Clearly Akerson's answer to the question "Should GM kill the Chevy Volt, stand pat, or create the Volt2?" is not only to build the Volt 2.0, but he described it during an interview with the Climate One program of The Commonwealth Club.

GM's Dave Barthmuss reported, on, about a lunch-time meeting between Akerson and a group of 30 Chevy Volt enthusiasts to talk about GM's commitment to a sustainable future. Akerson, a Volt owner himself, talked of having burnt only 1/10th of a gallon of gasoline since February, and that among the Volt owners in the meeting one had driven nearly 13,000 miles on the initial tank of gasoline sold with his Volt.

The interview with Climate One host Greg Dalton was an hour of wide ranging and frank discussion about GM, the auto industry bailout, fuel efficiency, the Volt, and much more.

Akerson described the New GM as a company that can no longer be internally focused, that GM must focus on the evolution of the automobile industry, to look forward to see where the market conditions are going, to position GM correctly in the future, especially in regards to meet expected future environmental, fuel efficiency and fuel flexibility standards. As he put it GM "can't afford to focus on the near term" but must ask "What will market conditions be like in 2030?" In saying this it's as if Akerson's take on GM's bankruptcy is that GM wasn't focused on the actual direction the market was taking, but on attempting to manipulate the market forces in a way that ultimately led to GM's bankruptcy.

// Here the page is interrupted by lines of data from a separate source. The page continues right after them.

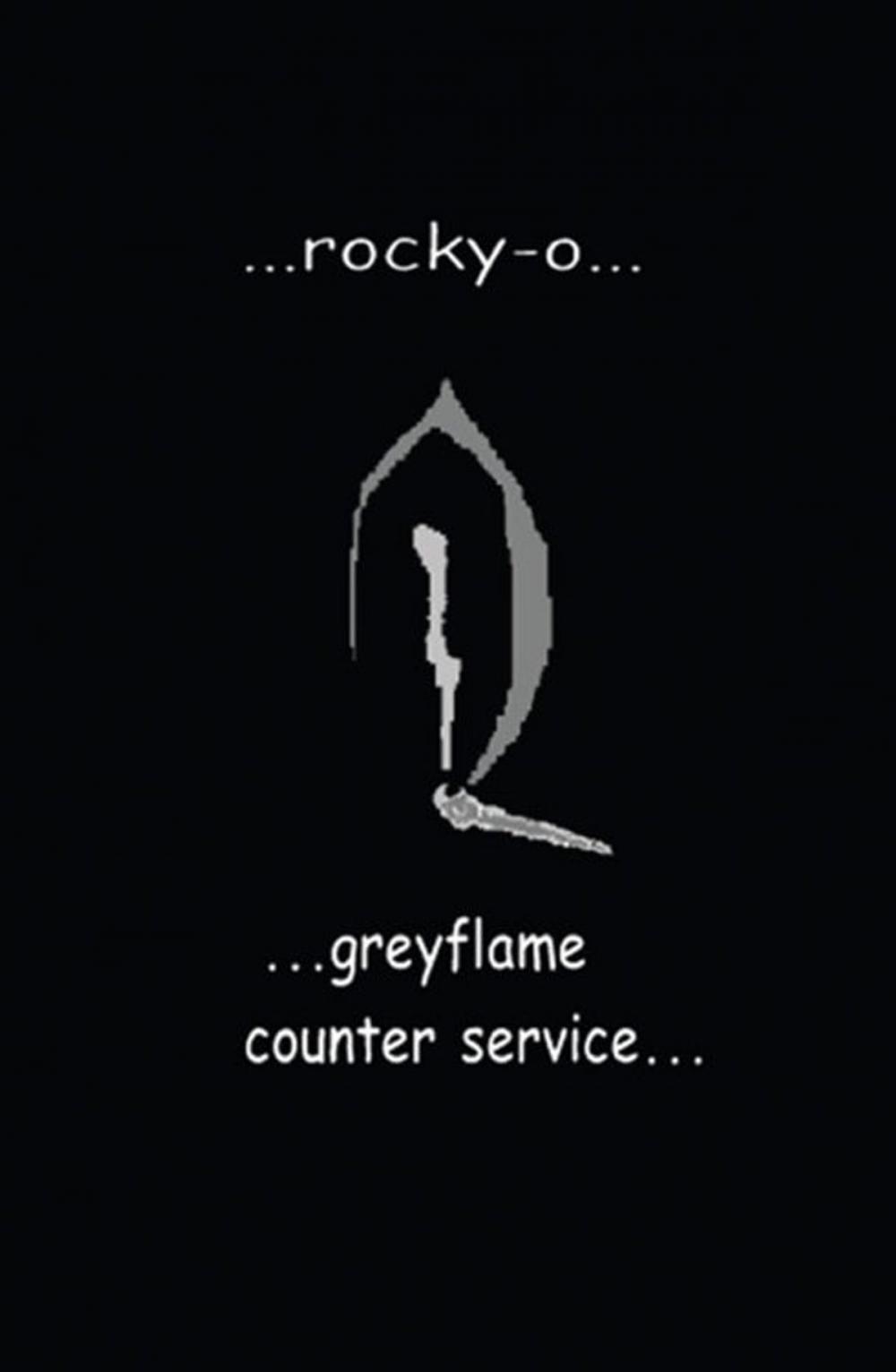 Big bigCover of …greyflame counter service…
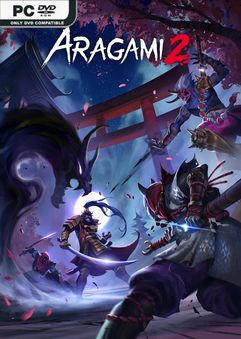 Aragami 2 ราคาถูก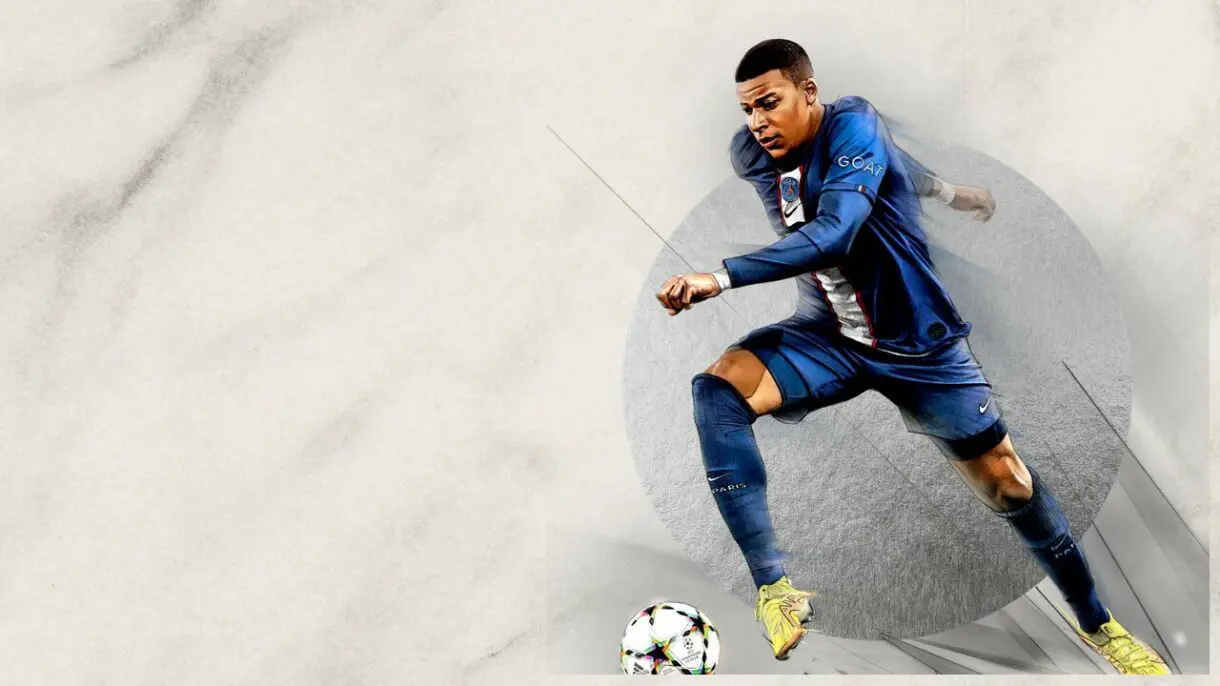 FIFA 23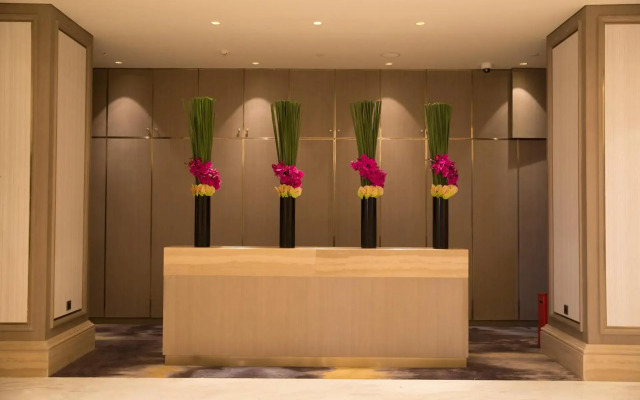 Jeurong Hotel Shanghai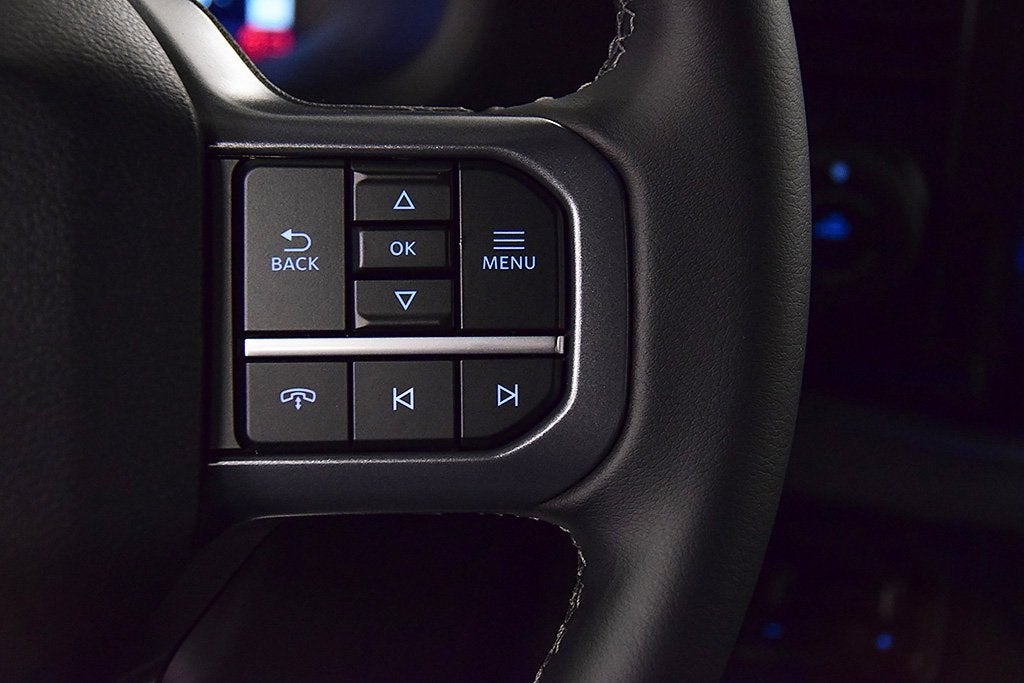 2026 Ford F-150 XLT 5-1/2' Box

Speaking on the auto industry bailout, Akerson comes across as a big champion of that process. His former position was "Head of Global Buyout" at the Carlyle Group, making him well suited to critique the U.S. Government's role in the auto industry bailout. He noted there are "multiple options or avenues to a successful restructuring" of any troubled corporation, and that, in his opinion, as someone who had a front row seat, was that "it was coming off the wheels," meaning that GM was about to disappear completely. The cost if GM were to have failed would have been 1 million jobs, $150 billion in lost taxes, and deep damage to America's industrial infrastructure. The old adage "What's good for GM is good for America" comes to mind, but clearly Akerson's opinion is that, in the context of the deep recession of 2008-9, that another 1 million lost jobs would have turned the recession into a full scale depression.

Akerson noted that two Presidents (Bush and Obama) "put money into this company" (GM) and that neither "were running for office at the time." This fact flies in the face of the political spin machine that's trying to pin the bailout solely on Obama's shoulders, when in truth it was a bipartisan effort. That the leadership in that time "made the pragmatic decision to save this company" rather than take the cost just outlined. For that matter, is the bailout a failure as the spin machine might have us believe, or is it a success? By Akerson's reckoning, it is not only a success, but Americans "ought to be very proud our government stood up regardless of party affiliation" to do the bailout.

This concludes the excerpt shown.